I ordered a new MRF224 from eBay and I was pretty worried. RFparts.com, a very reputable transistor supplier, wanted almost $50 for the MRF224. The one I found on eBay was $29 shipped. I was nervous about buying from a China supplier on eBay because of the rampant fake parts problem they have but I took a chance. About 8 days later my transistor arrived, I have installed it, and I now have a great VHF FM amp that I have $39 total investment. I have an old Radio Shack HTX202 that outputs 7 watts and that yielded 110w from the amp.
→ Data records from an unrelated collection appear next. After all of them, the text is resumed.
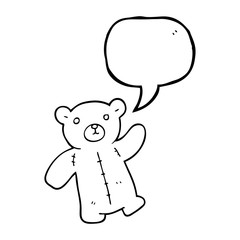 speech bubble cartoon teddy bear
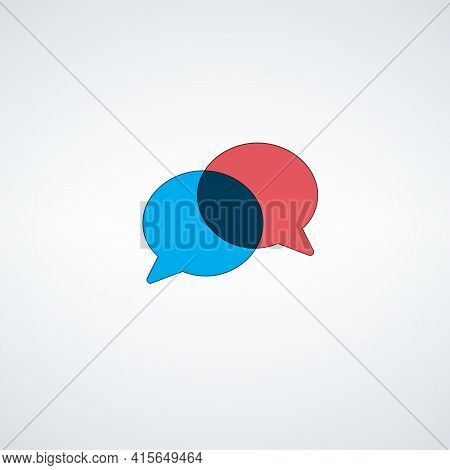 Speech Bubbles Different Colors. Talk Communication Speech Bubbles. Dialog Elements. Conversation An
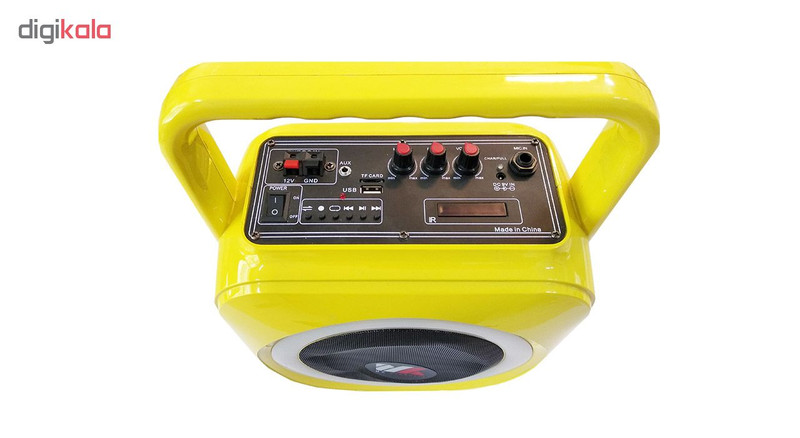 پخش کننده چندرسانه ای خانگی ام کی مدل MK-F105 به همراه میکروفن پخش کننده چندرسانه ای خانگی ام کی مدل MK-F105 به همراه میکروفن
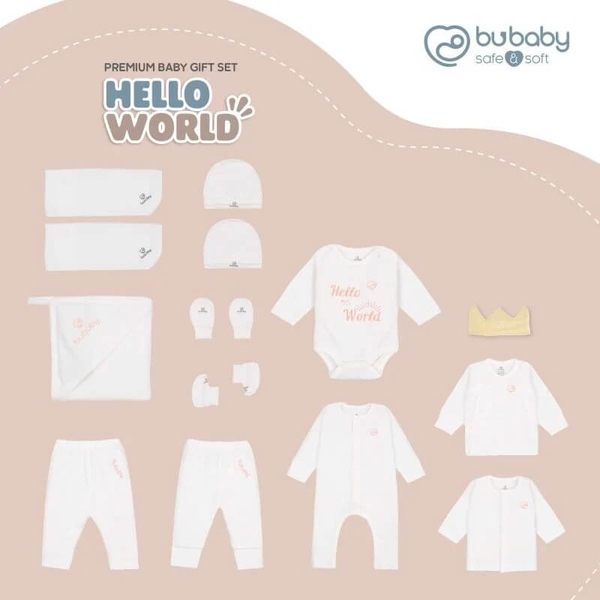 Bu Baby GBB600000.03M55B | Gift Set Bambus  | 0-3M - Trắng - Hồng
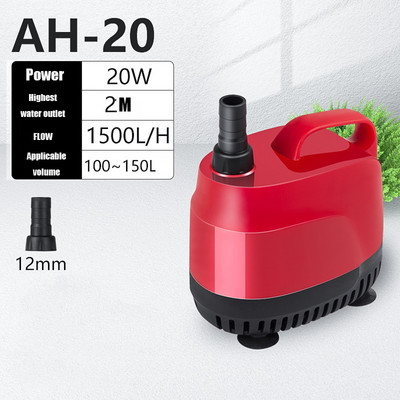 Pompă submersibilă Pompă de apă ultra silențioasă 6W 11W 15W 20W 35W 45W 60W 90W 120W pentru rezervor de pești iaz acvariu fântână hidroponică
Nice!
I just read a great little article about hacking the Baofeng type Chinese built amateur radios. You know those $30 throw-away 2M/70CM radios… we’ll someone took one apart and spent way to much time learning how it works. If you have the time it’s worth the read.
Go here: http://hackaday.com/2013/02/28/hacking-a-ham-radio/ and while you are at it make sure to add www.hackaday.com to your favorites list. Great website!
A little while ago I picked up an AD9850 DDS board. Basically, these are little boards you can pickup on eBay for about $10 shipped that can be programmed to output a sinusoidal wave from 1hz to about 40mhz. The output is about 1Vp-p and is fairly clean.
To drive these little boards you have to program them using either a serial interface or a parallel interface. You send over a couple of bits according to a code specified in the spec sheet and the AD9850 outputs the appropriate frequency.
I used an Arduino UNO board, LCD 16×2 display, and a rotary encoder to create a little all-in-one VFO. It can output the full range available to the AD9850 but I simply limited it to only 7.0-7.3Mhz in the Arduino code. I will be using the VFO as part of a DC receiver I am putting together for fun.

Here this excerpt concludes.